While at Watson, he has interviewed Director of Middle East Studies Nadje Al-Ali about feminist activism in the Middle East; Visiting Assistant Professor of Philosophy Julia Netter and Assistant Professor of Computer Science Ellie Pavlick about how artificial intelligence will reshape society; guest speaker Omar Shakir, the Israel and Palestine director at Human Rights Watch, about human rights concerns in Israel; and attorney Malika Saada Saar about technology and human rights. In another among dozens of episodes, he discussed China’s zero-COVID policy with Emory University Associate Professor of Sociology Bin Xu.

The Watson Institute, Sylla said, is a microcosm: The sheer breadth of the interviews he’s conducted there — along with the peers, faculty and high-profile guests he engages with on a daily basis — are reflection of the global community. That rich, diverse intellectual well from which Sylla draws is invaluable as he prepares for his life beyond College Hill.

“You can’t do policy alone,” Sylla said. “You have to work with people you don’t necessarily agree with. We’ve built the tenacity to be able to do that — to move beyond our differences and do great work — and I really appreciate that about my cohort.”

Sylla said his cohort and the entire Class of 2023 may have differences in backgrounds and beliefs, but they also have one crucial thing in common: “We’re now part of the Brown University story.”

The Brown University story — or one aspect of it — inspired the speech Sylla will deliver during the master’s ceremony, which will reflect on the sacrifices of his predecessors, particularly those who were victims of oppression. In learning about the University’s history, Sylla said he was moved by how Brown positioned itself at the forefront of the national conversation surrounding institutions and their own historical ties to slavery.

“Brown showed us how we can cope with a past that’s not necessarily glamorous,” he said. “It set an example for all students that shows us that we shouldn’t just drown in our histories, but learn from them.”

From participating in museum and walking tours to researching reports published by the Ruth J. Simmons Center for the Study of Slavery and Justice, he worked closely with worked closely with American Studies graduate student Traci Picard to absorb the full truth. But Sylla knew he couldn’t condense 300 years of history into a 10-minute speech.

“I took the parts that served me, because that’s what history is all about — learning how to use it,” he said.

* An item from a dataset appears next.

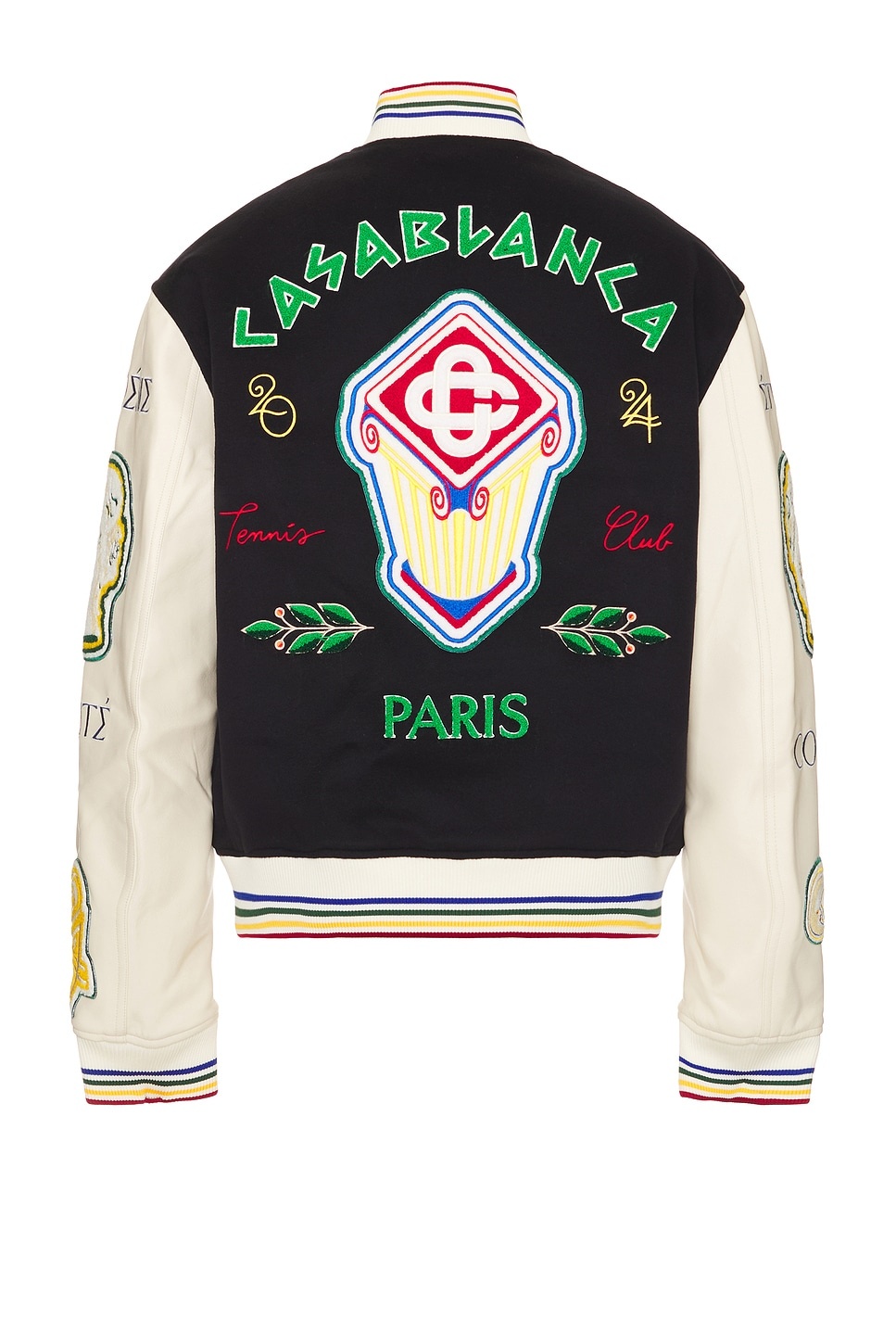 Patchwork Bomber Jacket - 1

The role of education can’t be underestimated in building a better future, Sylla said. It’s education that teaches people about the struggles and sacrifices of those who came before, and Sylla hopes that by learning their stories, others will develop a deeper understanding of the world.

Above all, Sylla wants his classmates to know that the Brown education they’ve received equips them with the knowledge, tools and resources to effect change in their own communities and beyond.

“We have a responsibility to the world, to ourselves and to our future,” he said. “You can decide how you want to leverage that responsibility. It’s up to us to spearhead what the future looks like, and we can’t afford to sit on the sidelines.”